I flat-out loved this sentence. It was a little magisterial, but I thought it had read-aloud rhythm. It had action, tension & the promise of more. It had neat words like hulk & brig, & strong verbs like forge. We were already set in a floating prison, which is a reliably dramatic, even melodramatic, setting. The fact that it’s a 2nd coin suggested there was a first forged coin, which a clever reader might suppose had something to do with the narrator being in a prison hulk now. These are things I only notice afterwards.
They seemed like honest virtues.
Better yet, it happened. A first fleet convict bound for New South Wales, a fellow named Thomas Barrett, did in fact forge coins from pewter spoons on board the ship. Maybe not on the Biblical seventh day, that I made up, though he could have. I switched it to the Second Fleet & a different forger. The Wotworth is a fictional ship. But the bones of it are real, which to me makes it stronger still.

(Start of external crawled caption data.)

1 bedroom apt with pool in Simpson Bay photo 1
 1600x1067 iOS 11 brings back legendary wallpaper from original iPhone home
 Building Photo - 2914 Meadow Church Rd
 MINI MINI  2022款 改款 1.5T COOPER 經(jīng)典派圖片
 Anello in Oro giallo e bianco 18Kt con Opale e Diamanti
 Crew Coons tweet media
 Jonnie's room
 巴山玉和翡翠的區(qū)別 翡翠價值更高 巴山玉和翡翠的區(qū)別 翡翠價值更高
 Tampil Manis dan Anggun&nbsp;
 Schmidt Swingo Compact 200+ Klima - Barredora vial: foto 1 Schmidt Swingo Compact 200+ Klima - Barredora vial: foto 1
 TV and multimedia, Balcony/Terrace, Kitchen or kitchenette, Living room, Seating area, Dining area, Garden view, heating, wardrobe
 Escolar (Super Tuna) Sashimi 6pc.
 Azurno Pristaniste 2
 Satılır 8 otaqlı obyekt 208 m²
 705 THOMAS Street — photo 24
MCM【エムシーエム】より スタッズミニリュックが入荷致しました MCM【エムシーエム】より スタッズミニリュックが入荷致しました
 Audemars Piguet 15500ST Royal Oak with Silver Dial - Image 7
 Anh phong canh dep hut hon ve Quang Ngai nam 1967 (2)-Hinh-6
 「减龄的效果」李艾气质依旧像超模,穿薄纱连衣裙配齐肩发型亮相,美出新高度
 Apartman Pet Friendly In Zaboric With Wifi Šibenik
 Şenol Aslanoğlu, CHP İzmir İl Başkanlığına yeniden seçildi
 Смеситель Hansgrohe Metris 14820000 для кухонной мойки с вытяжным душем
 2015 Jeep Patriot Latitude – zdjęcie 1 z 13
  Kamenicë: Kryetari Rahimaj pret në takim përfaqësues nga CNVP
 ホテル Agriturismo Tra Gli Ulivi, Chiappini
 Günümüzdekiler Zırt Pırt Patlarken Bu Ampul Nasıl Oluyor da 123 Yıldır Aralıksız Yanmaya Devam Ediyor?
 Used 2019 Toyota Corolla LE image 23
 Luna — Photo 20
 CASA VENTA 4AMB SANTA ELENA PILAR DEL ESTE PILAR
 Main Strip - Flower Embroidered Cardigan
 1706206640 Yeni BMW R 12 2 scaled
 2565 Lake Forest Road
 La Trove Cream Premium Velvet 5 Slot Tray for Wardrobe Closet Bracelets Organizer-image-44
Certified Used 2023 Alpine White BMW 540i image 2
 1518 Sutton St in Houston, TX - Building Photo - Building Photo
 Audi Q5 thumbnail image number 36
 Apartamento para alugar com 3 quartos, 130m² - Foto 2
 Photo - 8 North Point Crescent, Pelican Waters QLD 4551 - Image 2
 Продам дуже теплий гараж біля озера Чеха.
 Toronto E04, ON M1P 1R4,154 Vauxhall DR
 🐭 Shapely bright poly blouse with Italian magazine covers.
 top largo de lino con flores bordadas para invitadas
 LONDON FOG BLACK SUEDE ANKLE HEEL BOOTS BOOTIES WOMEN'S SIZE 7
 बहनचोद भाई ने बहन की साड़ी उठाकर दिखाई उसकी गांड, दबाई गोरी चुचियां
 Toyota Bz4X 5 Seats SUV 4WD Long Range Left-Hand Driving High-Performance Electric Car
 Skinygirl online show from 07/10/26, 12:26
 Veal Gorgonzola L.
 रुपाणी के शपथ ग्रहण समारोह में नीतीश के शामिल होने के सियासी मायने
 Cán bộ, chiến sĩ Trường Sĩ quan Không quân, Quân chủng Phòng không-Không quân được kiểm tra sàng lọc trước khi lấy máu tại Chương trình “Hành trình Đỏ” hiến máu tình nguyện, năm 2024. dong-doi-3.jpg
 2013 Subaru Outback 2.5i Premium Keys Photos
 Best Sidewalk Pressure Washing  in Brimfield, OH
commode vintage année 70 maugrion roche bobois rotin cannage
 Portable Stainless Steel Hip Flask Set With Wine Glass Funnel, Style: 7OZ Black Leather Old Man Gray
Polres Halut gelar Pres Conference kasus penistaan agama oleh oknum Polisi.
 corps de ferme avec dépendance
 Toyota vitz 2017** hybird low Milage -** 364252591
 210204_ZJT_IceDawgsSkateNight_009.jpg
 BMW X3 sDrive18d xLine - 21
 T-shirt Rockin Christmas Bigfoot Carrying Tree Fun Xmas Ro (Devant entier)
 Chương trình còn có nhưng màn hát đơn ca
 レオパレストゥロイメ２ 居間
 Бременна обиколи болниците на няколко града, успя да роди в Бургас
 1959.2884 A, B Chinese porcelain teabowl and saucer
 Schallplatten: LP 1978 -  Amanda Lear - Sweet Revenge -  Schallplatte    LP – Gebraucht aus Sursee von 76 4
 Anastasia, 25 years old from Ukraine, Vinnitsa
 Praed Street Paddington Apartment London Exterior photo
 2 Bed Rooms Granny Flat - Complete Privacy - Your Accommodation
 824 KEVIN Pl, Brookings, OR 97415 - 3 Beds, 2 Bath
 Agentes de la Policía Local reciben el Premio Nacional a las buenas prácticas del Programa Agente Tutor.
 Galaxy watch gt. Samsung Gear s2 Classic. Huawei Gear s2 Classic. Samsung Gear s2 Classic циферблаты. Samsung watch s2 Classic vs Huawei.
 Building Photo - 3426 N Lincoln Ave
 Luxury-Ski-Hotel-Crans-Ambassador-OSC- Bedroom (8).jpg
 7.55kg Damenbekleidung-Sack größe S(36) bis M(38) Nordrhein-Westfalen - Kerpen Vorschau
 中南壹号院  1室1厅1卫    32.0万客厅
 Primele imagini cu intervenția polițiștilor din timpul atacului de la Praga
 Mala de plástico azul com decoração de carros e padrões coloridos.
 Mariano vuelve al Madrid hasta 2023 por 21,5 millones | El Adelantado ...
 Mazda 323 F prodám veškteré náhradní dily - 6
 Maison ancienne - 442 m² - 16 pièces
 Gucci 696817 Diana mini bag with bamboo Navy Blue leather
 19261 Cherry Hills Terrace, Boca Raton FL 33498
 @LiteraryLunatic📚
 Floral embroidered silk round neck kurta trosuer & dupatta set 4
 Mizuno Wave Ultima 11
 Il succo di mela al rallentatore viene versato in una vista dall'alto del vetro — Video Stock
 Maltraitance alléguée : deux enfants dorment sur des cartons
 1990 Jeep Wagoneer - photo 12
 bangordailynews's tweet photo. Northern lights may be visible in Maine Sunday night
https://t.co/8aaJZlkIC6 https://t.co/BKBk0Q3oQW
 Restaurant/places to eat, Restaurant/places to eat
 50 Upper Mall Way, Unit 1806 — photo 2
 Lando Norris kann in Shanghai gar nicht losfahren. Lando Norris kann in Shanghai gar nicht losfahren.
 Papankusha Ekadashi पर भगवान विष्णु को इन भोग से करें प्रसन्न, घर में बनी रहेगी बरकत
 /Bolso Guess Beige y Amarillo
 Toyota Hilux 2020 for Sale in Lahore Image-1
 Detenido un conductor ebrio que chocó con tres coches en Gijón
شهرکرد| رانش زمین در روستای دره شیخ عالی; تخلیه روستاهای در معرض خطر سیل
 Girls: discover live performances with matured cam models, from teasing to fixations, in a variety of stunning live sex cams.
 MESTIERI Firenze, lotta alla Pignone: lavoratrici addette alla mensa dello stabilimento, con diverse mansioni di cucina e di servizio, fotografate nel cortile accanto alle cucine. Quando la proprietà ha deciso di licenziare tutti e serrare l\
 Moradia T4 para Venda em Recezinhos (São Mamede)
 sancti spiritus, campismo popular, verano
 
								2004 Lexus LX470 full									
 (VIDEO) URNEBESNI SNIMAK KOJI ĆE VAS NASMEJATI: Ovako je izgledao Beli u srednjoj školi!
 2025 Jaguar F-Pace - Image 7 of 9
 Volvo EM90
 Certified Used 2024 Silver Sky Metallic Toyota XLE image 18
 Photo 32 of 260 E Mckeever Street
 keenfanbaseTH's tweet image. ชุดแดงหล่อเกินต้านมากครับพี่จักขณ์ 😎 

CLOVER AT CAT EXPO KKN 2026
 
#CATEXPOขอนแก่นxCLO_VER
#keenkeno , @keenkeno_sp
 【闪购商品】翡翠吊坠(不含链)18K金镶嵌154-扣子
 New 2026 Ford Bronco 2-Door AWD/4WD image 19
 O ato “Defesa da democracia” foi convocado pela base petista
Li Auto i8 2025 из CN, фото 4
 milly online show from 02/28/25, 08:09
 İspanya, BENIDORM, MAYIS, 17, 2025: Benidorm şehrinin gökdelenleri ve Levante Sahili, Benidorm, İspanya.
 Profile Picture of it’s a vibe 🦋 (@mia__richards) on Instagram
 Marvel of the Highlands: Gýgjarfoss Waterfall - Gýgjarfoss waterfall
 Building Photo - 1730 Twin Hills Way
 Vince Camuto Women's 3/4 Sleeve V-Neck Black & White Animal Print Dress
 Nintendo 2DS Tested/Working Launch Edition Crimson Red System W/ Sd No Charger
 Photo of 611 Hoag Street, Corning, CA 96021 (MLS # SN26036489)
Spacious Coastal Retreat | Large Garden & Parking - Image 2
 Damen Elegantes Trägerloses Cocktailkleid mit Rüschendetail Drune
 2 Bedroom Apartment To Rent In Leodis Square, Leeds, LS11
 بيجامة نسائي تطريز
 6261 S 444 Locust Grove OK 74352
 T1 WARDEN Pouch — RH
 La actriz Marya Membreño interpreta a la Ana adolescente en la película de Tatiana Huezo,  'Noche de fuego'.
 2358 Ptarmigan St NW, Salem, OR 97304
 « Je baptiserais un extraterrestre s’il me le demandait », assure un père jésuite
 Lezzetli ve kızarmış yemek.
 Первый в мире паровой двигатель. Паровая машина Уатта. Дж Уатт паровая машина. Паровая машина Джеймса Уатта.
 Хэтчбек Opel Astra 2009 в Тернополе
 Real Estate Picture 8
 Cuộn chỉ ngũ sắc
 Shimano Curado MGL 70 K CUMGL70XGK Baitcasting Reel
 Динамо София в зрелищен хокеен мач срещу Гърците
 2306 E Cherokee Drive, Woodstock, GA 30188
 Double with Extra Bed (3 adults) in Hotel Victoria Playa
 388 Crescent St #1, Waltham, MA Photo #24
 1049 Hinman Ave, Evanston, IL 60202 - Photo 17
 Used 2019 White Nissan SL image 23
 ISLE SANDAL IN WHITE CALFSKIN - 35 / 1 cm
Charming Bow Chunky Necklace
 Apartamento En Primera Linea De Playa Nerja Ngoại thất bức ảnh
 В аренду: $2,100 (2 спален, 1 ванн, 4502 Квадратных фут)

Then I wrote some more, did some research & found things like this:
• Revision of the story required me to shift the forgery a few weeks into the journey. So I lost “the seventh day”.
• The 2nd fleet set sail from Stokes Bay, so I lost Portsmouth. (Only later did I realize that Stokes Bay is part of Portsmouth Harbor, so I got it back).
• A HULK is a floating prison, but not a sea-worthy vessel. Prisoners were kept in hulks in the harbour, but they were transported to NSW on ships called Transports. So I can’t use the word hulk.
• To call it a BRIG may not even be correct. These ships were converted to have cell decks or areas, but they didn’t tend to call them brigs. So brig was out, too.
• I found lots of interesting, incomprehensible slang words for coins: like George (the king, whose head was on coins), Brummagem button, or grunter. Forgers were called smashers or bit-culls.
• Look closely at those pewter spoons up there. Or any spoon. Which end would you use to forge a coin: the handle?? No reader has ever commented on that choice, yet once I noticed it, it had to go.
The technically corrected sentence would have nothing whatsoever going for it:
“A few weeks out from Stokes Bay, on the converted cell deck of the prison transport ship Wotworth, I began to forge the second Brummagem button from the nice, coin-like round part of a pewter spoon, as any sensible bit-cull would.”
So I had to cut it. What do they call that in school? “Kill your darlings.” In the end, it's better for everyone involved. Onward to greater struggles.